A ballot proposal asking Colorado Springs voters to modify the Parks, Trails and Open Space sales tax to allow the city to spend a bigger portion on park maintenance is in jeopardy of losing Mayor Steve Bach’s support.
Parks advocates are urging the City Council to include a “maintenance of effort” clause to ensure the city uses the money to supplement, not replace, general fund spending on parks if voters approve the measure in April.
“The TOPS Working Committee and the Parks Advisory Board both said, ‘We can live with this change to the TOPS initiative, but we would really like a guarantee that (general fund) money for parks is not going to diminish because you’re now getting this extra money,’” said Susan Davies, executive director of the Trails and Open Space Coalition.
Laura Neumann, the mayor’s chief of staff, told the council at its formal meeting Tuesday that Bach won’t support the ballot proposal if it includes such a provision. Bach doesn’t want to be “locked in,” Neumann said.

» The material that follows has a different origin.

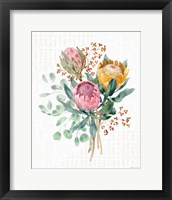 Framed 'Petal Passion VII' border=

“Mayor Bach will not stand behind that,” she said. “He feels strongly about that.”
After the meeting, Neumann said entering a maintenance of effort clause for one service “is simply not fiscally responsible” when there are many city services in need of funding.
“We must have the latitude to prioritize citizen and safety/infrastructure needs without the shackle of an MOE developed with the best of intentions at the time, but perhaps not deemed a priority at the time of decision-making months and years later,” she said in an email.
“This is said with the respect for all those on the parks board and parks committees who developed the ballot language and the intent behind the MOE. Their passion and intent of the MOE is well respected; but is considered hindering and precedent setting at the executive level,” she said.
The council was scheduled to vote Tuesday to refer a question modifying TOPS to the April ballot but postponed the decision until Jan. 22. The vote to postpone was 7-2, with council members Merv Bennett and Angela Dougan opposed.
As part of the motion to postpone, the council asked the City Attorney’s Office to prepare a “legally binding” maintenance of effort clause to consider Jan. 22. The council will consider three other ballot proposals submitted by citizens on that day, too.
Voters approved TOPS in 1997. The one-tenth of 1 percent sales tax generates about $6 million a year.
TOPS caps administrative costs at 3 percent and allows 6 percent to be used for maintenance. It requires at least 60 percent of the funding to be used to purchase open space and at least 20 percent to build and maintain trails. The rest can be used for parks.
Under the ballot issue proposed for April, the portion that goes into park acquisition could be used for acquisition, development, renovation and maintenance of any park.